For catalysts, the key dependency is line-up and game state information before kick-off, especially whether Brazil field a wide, attack-heavy XI or a more controlled selection, and whether Haiti are set up to sit extremely deep. The market resolves on total corners across the full match, including stoppage time and any extra time in knockout-stage conditions, so late pressure matters[1]. Live traders will also watch early shot counts and whether Brazil’s wing play is generating repeated blocks and clearances, since those are the quickest route to the over in a favourite-vs-underdog match-up[1][8].

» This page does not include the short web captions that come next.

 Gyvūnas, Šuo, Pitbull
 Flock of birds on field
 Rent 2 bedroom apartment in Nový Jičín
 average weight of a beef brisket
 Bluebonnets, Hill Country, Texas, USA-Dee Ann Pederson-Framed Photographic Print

Sources: 1 · 2 · 3 · 4 · 5

Live Data & Statistics

The Polymarket order book signals 39% probability for "Brazil vs. Haiti - Total Corners".

YES 39% NO 61%

Live stats load when the match begins. Current market odds are shown above. Trading volume: $160K.

Methodology

This page reviews Brazil vs. Haiti - Total Corners across five venues. We show live odds for Polymarket-based markets (sourced from the Polygon order book); for other venues we list platform attributes, since the comparable contracts are not exposed via a public API on every venue. Every CTA points at Who Will Win — the application we operate, where you trade directly against the Polymarket order book at 0% fees.

Resolution & payout

At resolution the UMA oracle takes over: a proposer posts the outcome with a bond, any token holder can dispute within two hours. Without dispute the result is accepted and the smart contract distributes USDC instantly.

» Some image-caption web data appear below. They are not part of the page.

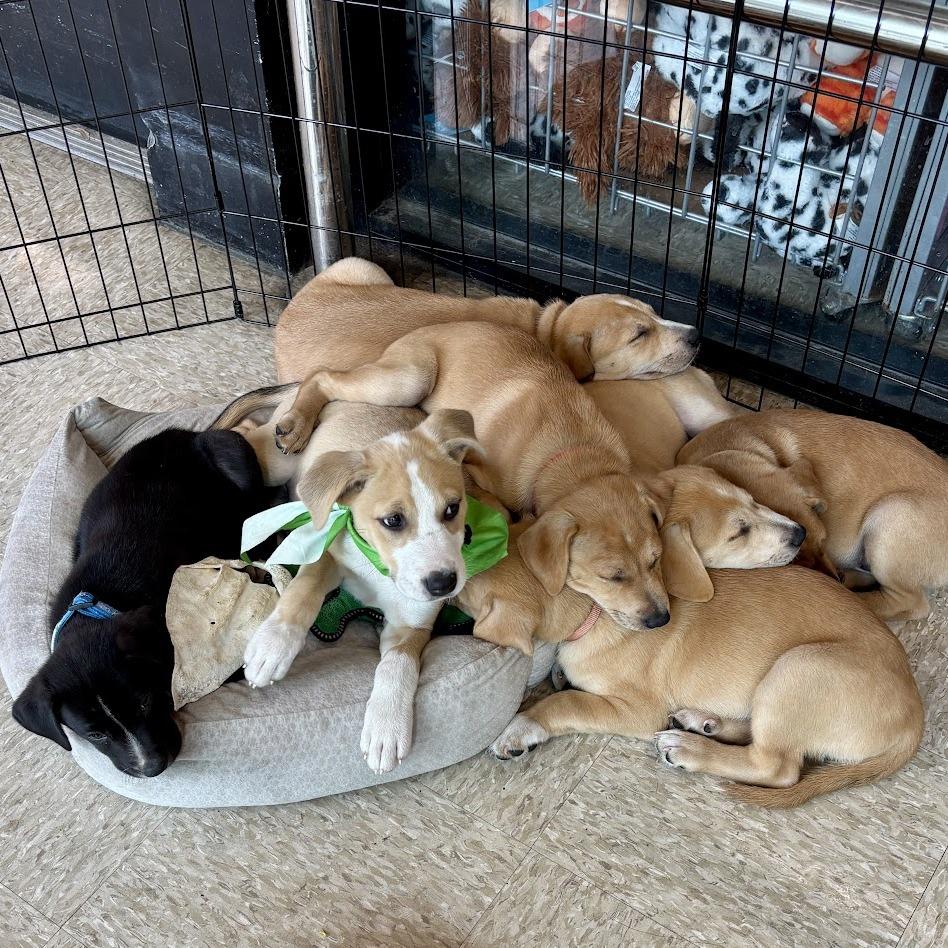 Enlarge Swedish Fish, a Adoptable Boxer in North Charleston, SC image 2/6
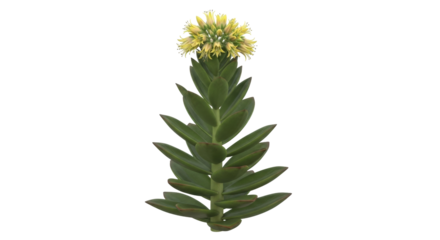 Isolated crassula capitella plant with yellow flowers in bloom, a succulent with tiny petals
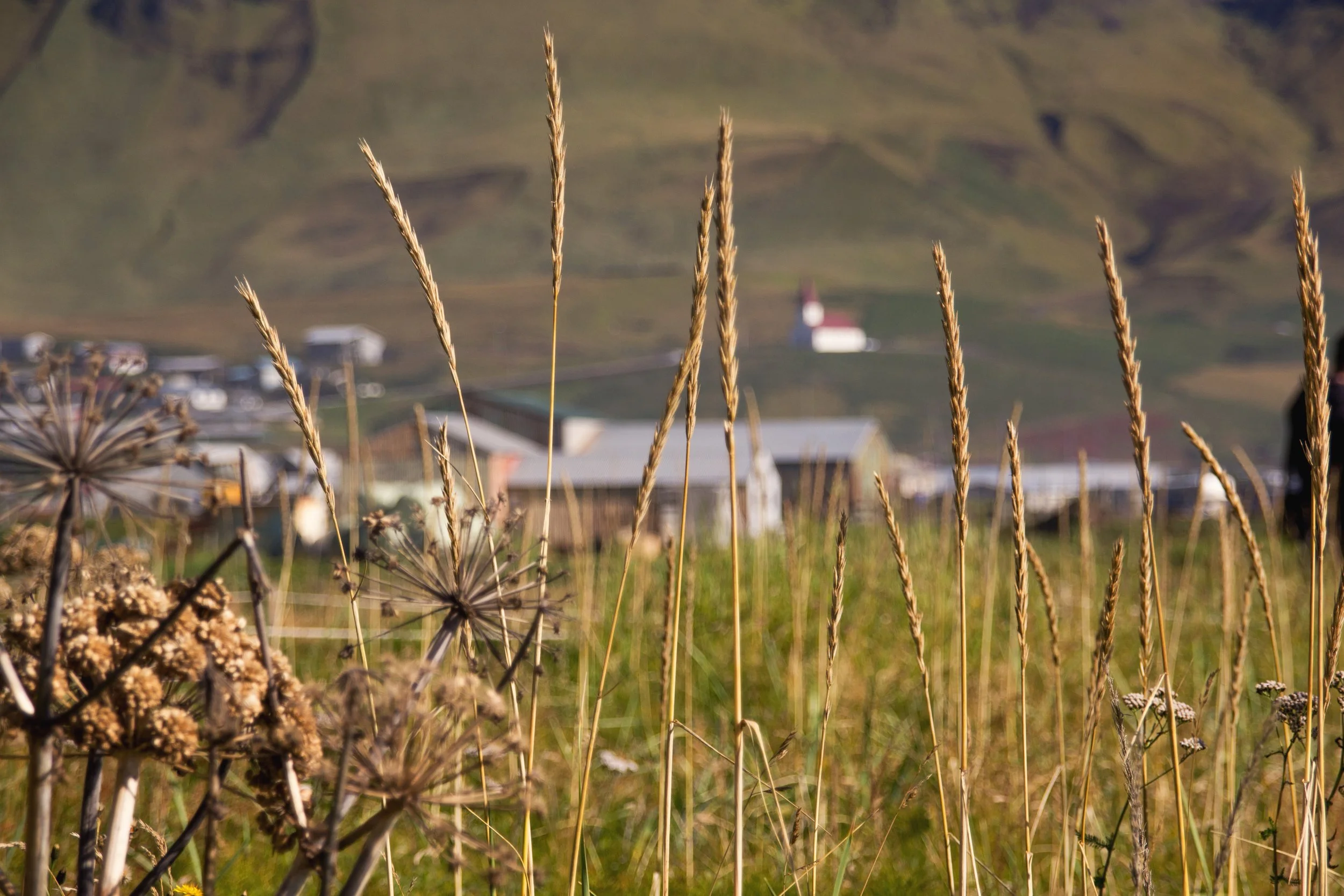 From Cornwall's Fields to Your Fork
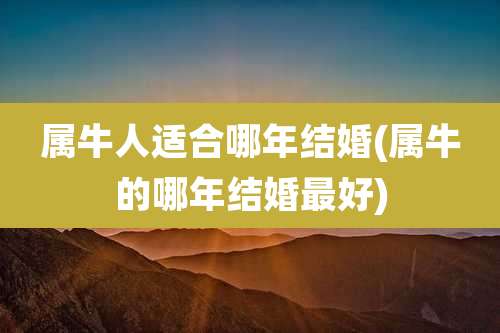 属牛人适合哪年结婚(属牛的哪年结婚最好)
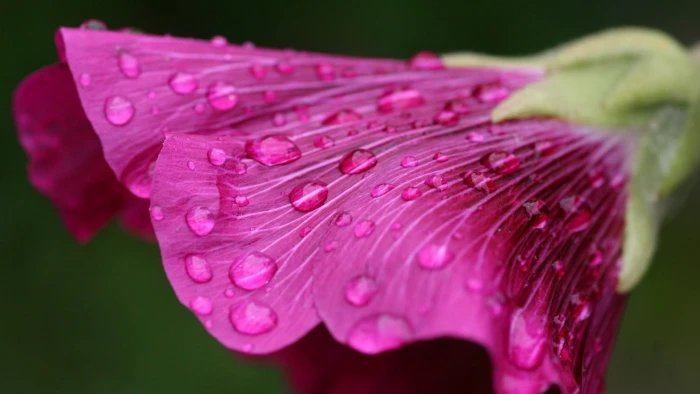 pink petaled flower flowers dew water drops 2k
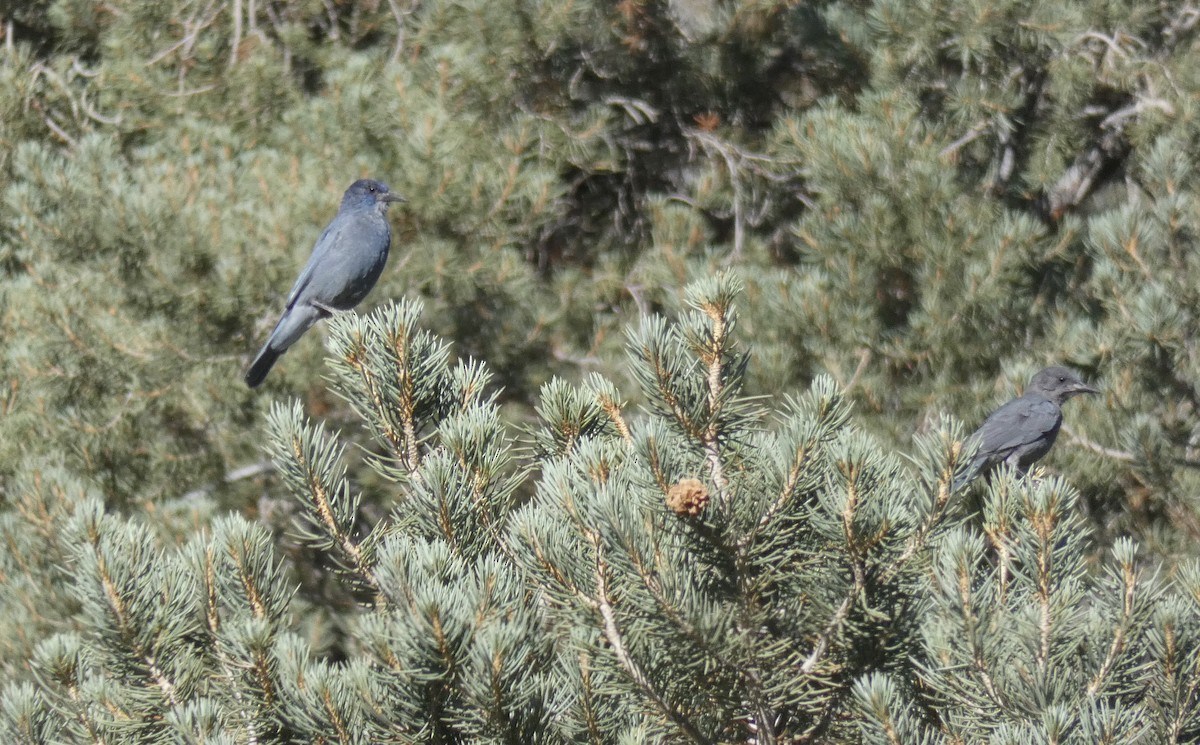 Pinyon Jay - ML252548581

On Kalshi (CFTC-regulated) resolution runs through their in-house clearing engine in USD. Betfair Exchange settles after match end in the account's local currency. Manifold pays no cash — only its in-platform "mana" currency.

FAQ

Is this market available outside the US?
Who Will Win is available in most jurisdictions where Polymarket isn't directly accessible. Polymarket itself is geo-blocked in the US/UK/EU. Always check local regulations.
What's the difference between YES and NO shares?
A YES share pays $1.00 if the event happens, $0 otherwise. A NO share pays $1.00 if the event doesn't happen. The market price between 0¢ and 100¢ is the implied probability.
What does it cost to trade on Who Will Win?
Zero. Who Will Win routes every order to the live Polymarket order book; the only cost is the Polygon network fee, typically under $0.01 per transaction.
How fast are USDC deposits?
Polygon credits deposits after 12 confirmations — usually under 30 seconds. Withdrawals follow the same path and land back in your wallet within minutes.
How reliable are the quoted odds?
The YES/NO percentages are the live mid-prices of the Polymarket order book. On deep markets they move every few seconds; on thinner ones you'll see short plateaus.